Activist Monday: Prepping for THE Debate
Posted October 12, 2015on:
Good Monday, all! It’s good to be back, albeit with a slower, sadder heart these days. RIP, Alex.
One thing that is pumping some adrenaline into my leaden veins is the thought of Hillary and the Dems together on the debate stage on Tuesday night. I have always thought Hillary is at her best when debating, as her clarity of thought and speech, depth of experience and ability to think on the fly are highlighted in this forum. While you don’t get to showcase these skills much during a campaign, relying more on pre-packaged speeches and personal charisma, you do need them every day when governing.
After all, what is the American presidency? I see it as an exercise in planetary-scale problem-solving. And who do you want in that job? My answer is, someone who thinks and speaks clearly, has the experience and proven ability to solve the problems, and who can adapt to change easily and quickly. This is why my choice in 2008 was Hillary rather than Obama, since he gave a great speech and had loads of charisma (or most people thought so), but showed no signs he had the ability, experience or inclination to solve any problems at all. And so it was…he managed to somehow adapt the Heritage Foundation’s Romneycare to a national level and take some of the worst parts out of it, but despite having a year and a half of a Congressional majority to back up any policy he wanted to push through, failed to take the initiative to address any of the nation’s larger issues. Terrorism is worse; income inequality is far worse; women’s rights to control their own reproductive destinies continue to be successfully eroded; the “jobless recovery” goes on (despite what the massaged unemployment figures state); we continue to have horrible issues with gun violence despite repeated attempts to address it politically; institutionalized racism continues to be as intractable as ever (see the many police murders of black men this year); and as the Pope has been pointing out, Washington fiddles while the planet burns. And some of the measures he favors will actually worsen the issues we’re having, such as the TPP and the Keystone XL Pipeline.

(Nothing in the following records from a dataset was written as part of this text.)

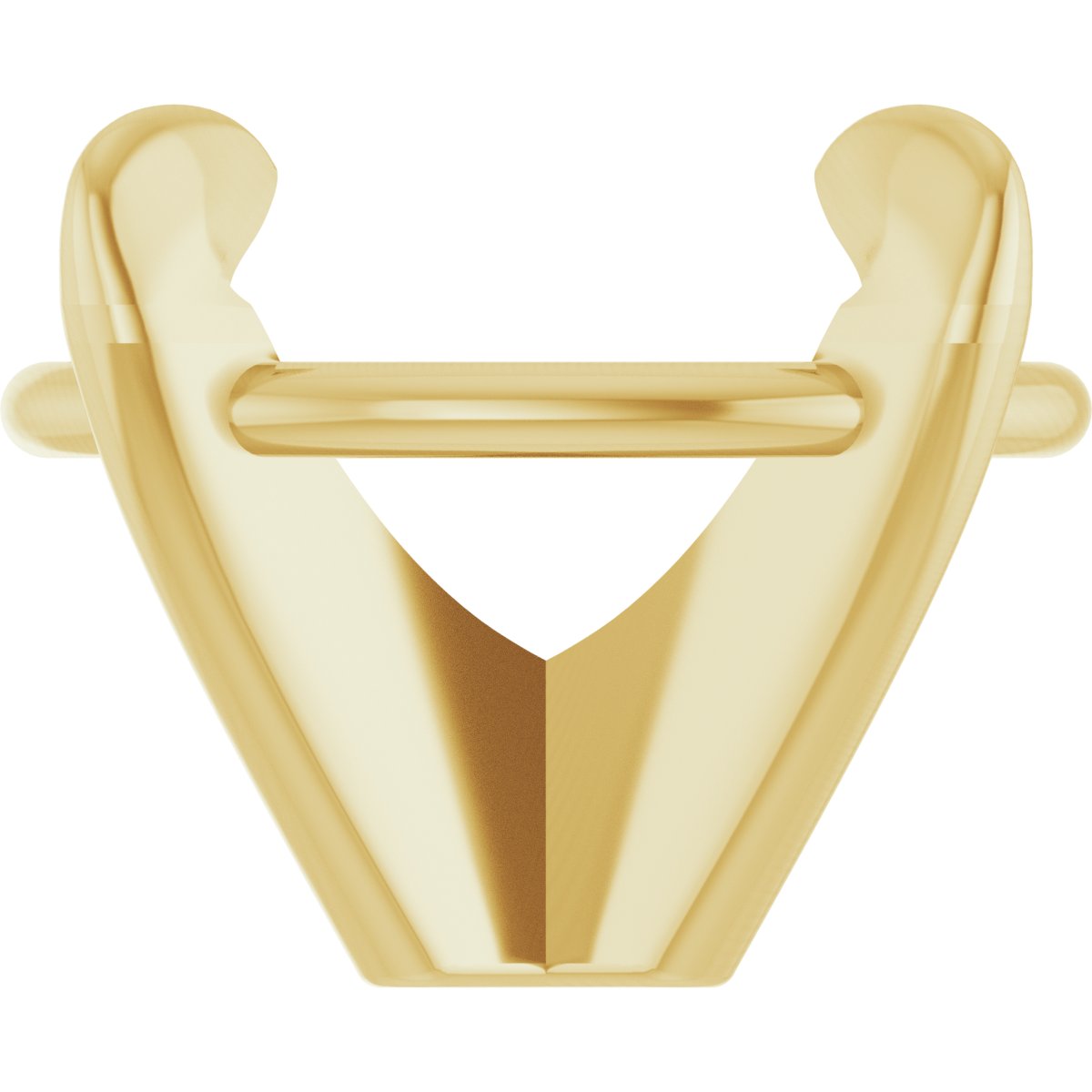 4-Prong Pre-Notched Claw Shank Setting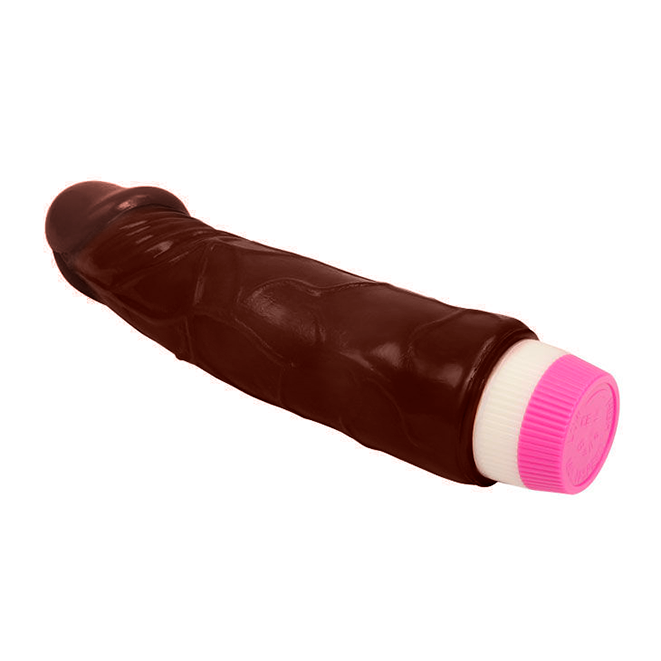 Vibromasseur Réaliste Vagues de Plaisir 19,5 cm Mulato - Baile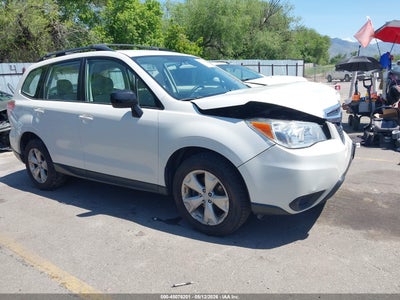 SUBARU FORESTER 2015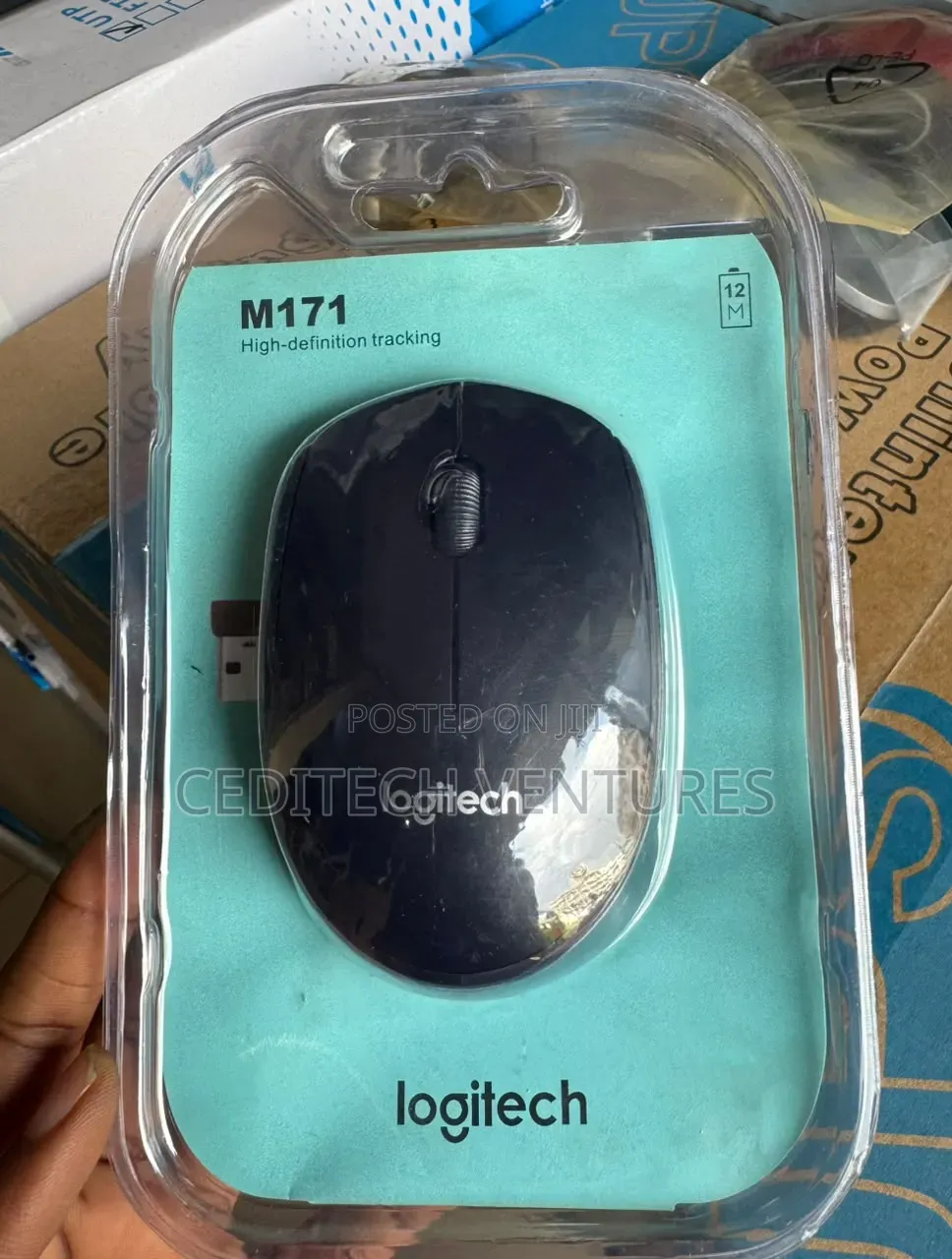 Logitech Wireless Mouse M171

Well, it’s water under the bridge now, and we can only hope that Hillary will have a chance to solve some of these problems starting on January, 2017. Meanwhile, what will happen in Tuesday night’s debate? Well, all five candidates (did you forget there were five? :-)) are prepping furiously. It truly amazes me that Bernie Sanders and Martin O’Malley are taking themselves this seriously. But they are, Blanche, they are!
Mr. O’Malley is hoping the chance to sell his executive experience and liberal policy prescriptions, including breaking up commercial and investment banks, to a prime-time audience will give his stalled candidacy some fresh momentum.
For Mr. Sanders, the debate is an opportunity to widen his appeal and persuade skeptical Democrats that he would be a viable nominee. Aides say he needs to flesh out his big policies but also talk about incremental achievements he won during more than two decades in Congress.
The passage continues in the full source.